Code Generation & Safety: On HumanEval and HEx-PHI (safety), DiaBlo achieved state-of-the-art results among PEFT methods, with Pass@1 scores of 43.2% (LLaMA3-8B) and refusal rates of 97.6%.
Quantized Models (4-bit & 2-bit): DiaBlo demonstrated exceptional robustness in low-precision settings.
- In 2-bit quantization, where most methods fail or degrade significantly, DiaBlo achieved 48.7% average accuracy on arithmetic tasks, outperforming QLoRA and GPTQ-LoRA baselines.
- It achieved this without requiring specialized quantization-aware initialization.
Efficiency:
- Training Speed: DiaBlo matches the training speed of LoRA (approx. 170 mins/epoch) and is significantly faster than DoRA (480 mins/epoch).
- Memory: It maintains a memory footprint comparable to LoRA.
Stability: Gradient norm variance analysis showed DiaBlo converges smoothly with low variance, whereas LoRA exhibited higher variance and sensitivity to initialization.

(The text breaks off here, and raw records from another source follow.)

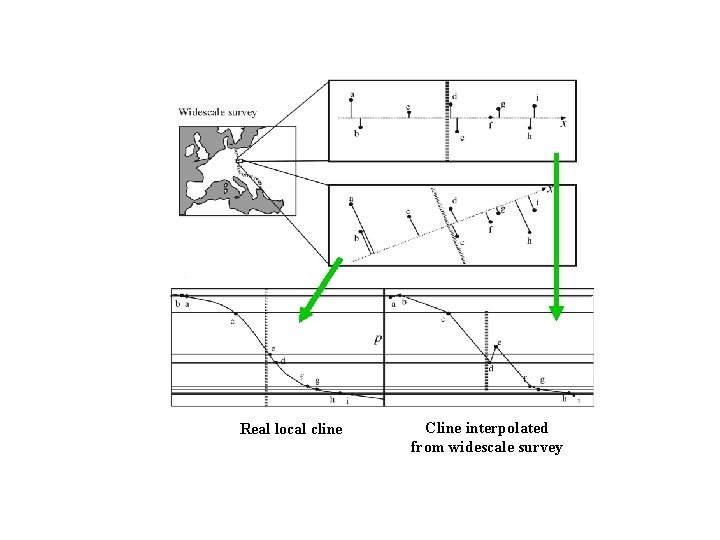 Real local cline Cline interpolated from widescale survey 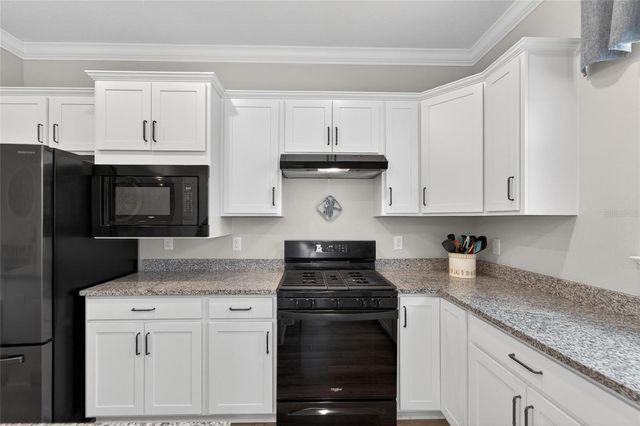 19474 SHIP WHEEL WAY, Land O Lakes, FL 34638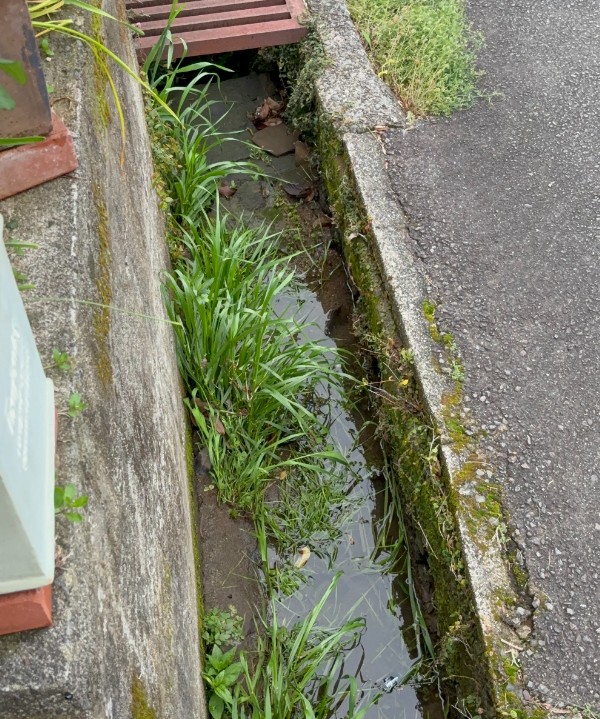 強風により丸い鉢が落下した側溝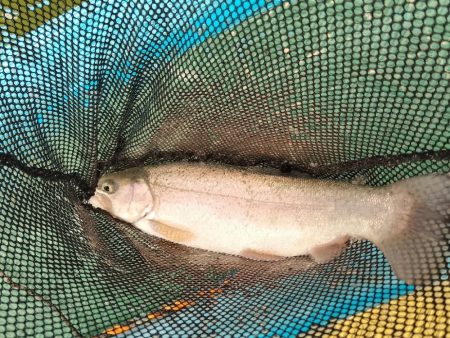 ご近所の釣り堀へ…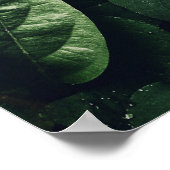 Deep Green Oerwoud Leaf Foliage Poster (Hoek)
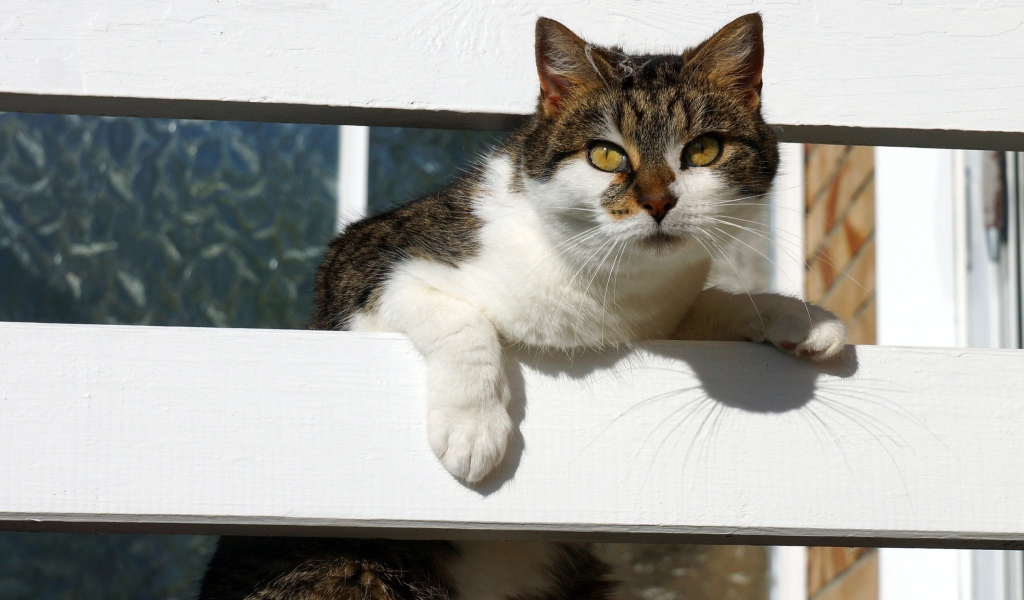 Серая с белым кошка у забора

5. Significance and Impact

Simplicity: DiaBlo eliminates the need for complex initialization schemes (like PiSSA or LoRA-GA) and custom optimizers, offering a "plug-and-play" solution that is easier to implement and debug.
Hardware Friendliness: By using structured diagonal blocks rather than unstructured sparsity, DiaBlo leverages efficient batched matrix operations, making it highly compatible with modern GPU architectures.
Theoretical Insight: The work challenges the necessity of low-rank factorization for PEFT, demonstrating that structured sparsity (diagonal blocks) offers superior expressiveness and stability under low-rank conditions common in LLM activations.
Robustness: Its ability to perform well in ultra-low precision (2-bit) settings makes it a critical tool for deploying LLMs on resource-constrained edge devices.

In conclusion, DiaBlo presents a paradigm shift in PEFT, proving that diagonal blocks are sufficient for high-performance fine-tuning, offering a superior balance of accuracy, stability, and efficiency compared to the current state-of-the-art low-rank methods.